• **WHAT YOU NEED TO DO**
What you write must match, character for character, the lines from the one with "Gabina Sofa med" down to the one with "Snow-covered fir branches" in the listing below, minus its pictures.

** DATASET EXCERPTS follows **

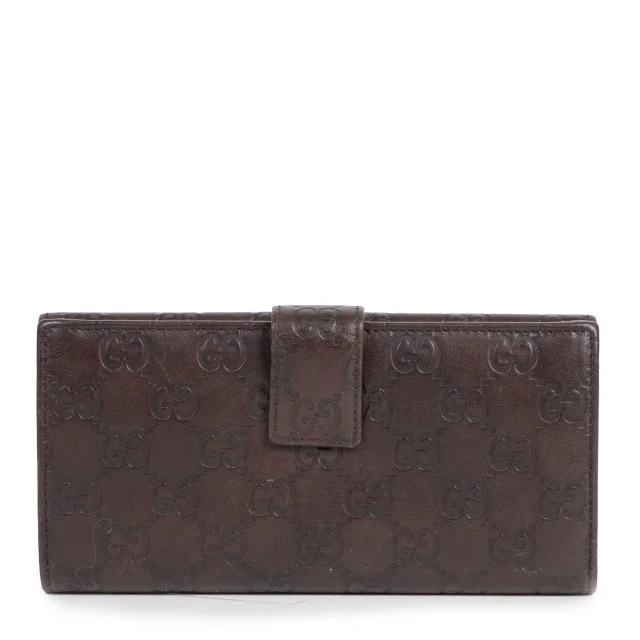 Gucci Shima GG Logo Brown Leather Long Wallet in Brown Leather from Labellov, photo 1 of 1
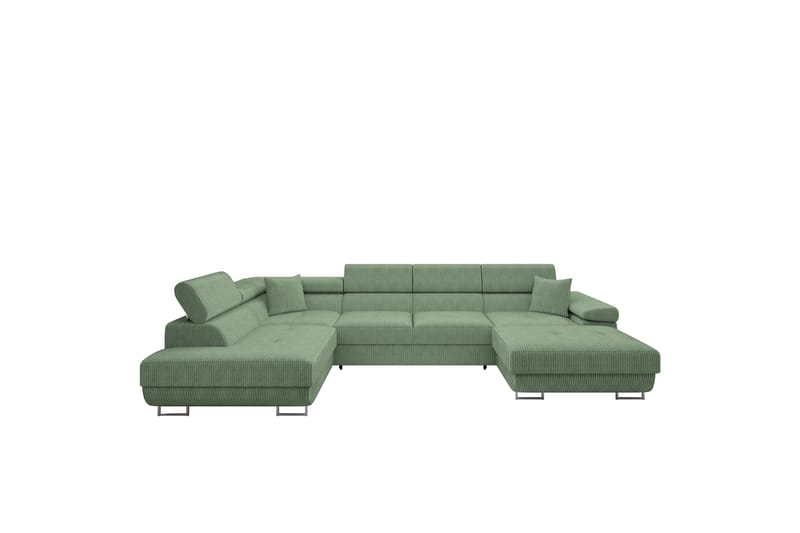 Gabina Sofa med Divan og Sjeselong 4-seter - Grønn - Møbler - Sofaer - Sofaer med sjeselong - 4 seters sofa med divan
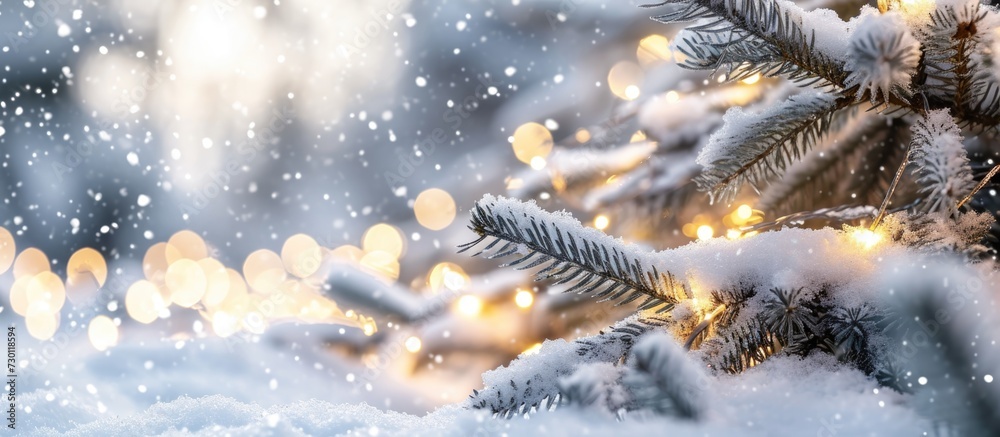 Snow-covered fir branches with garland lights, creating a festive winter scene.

** End of DATASET EXCERPTS **
** DATASET EXCERPTS follows **

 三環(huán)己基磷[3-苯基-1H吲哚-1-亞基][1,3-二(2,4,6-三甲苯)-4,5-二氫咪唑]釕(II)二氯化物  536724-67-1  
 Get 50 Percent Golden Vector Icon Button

** End of DATASET EXCERPTS **
** DATASET EXCERPTS follows **

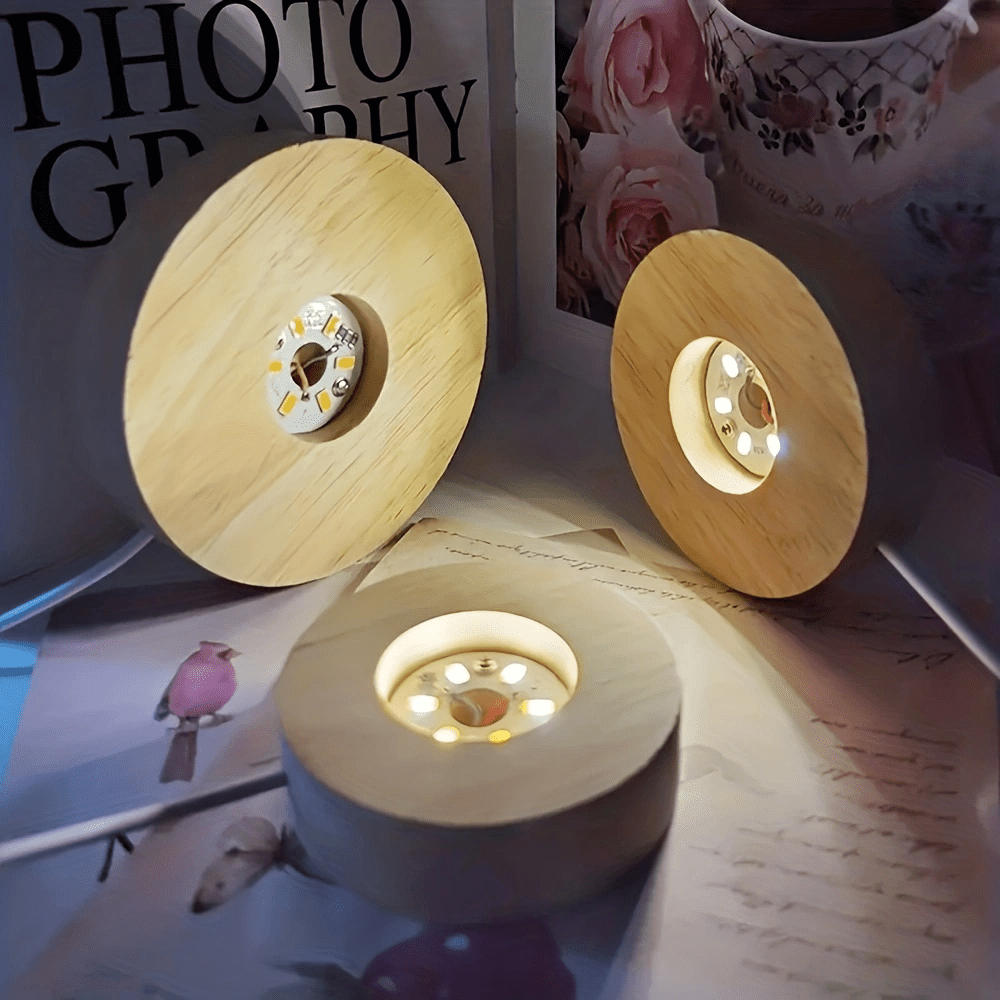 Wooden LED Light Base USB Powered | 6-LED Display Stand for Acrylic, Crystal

** End of DATASET EXCERPTS **

• **TASK RESULT**
 Gabina Sofa med Divan og Sjeselong 4-seter - Grønn - Møbler - Sofaer - Sofaer med sjeselong - 4 seters sofa med divan
 Snow-covered fir branches with garland lights, creating a festive winter scene.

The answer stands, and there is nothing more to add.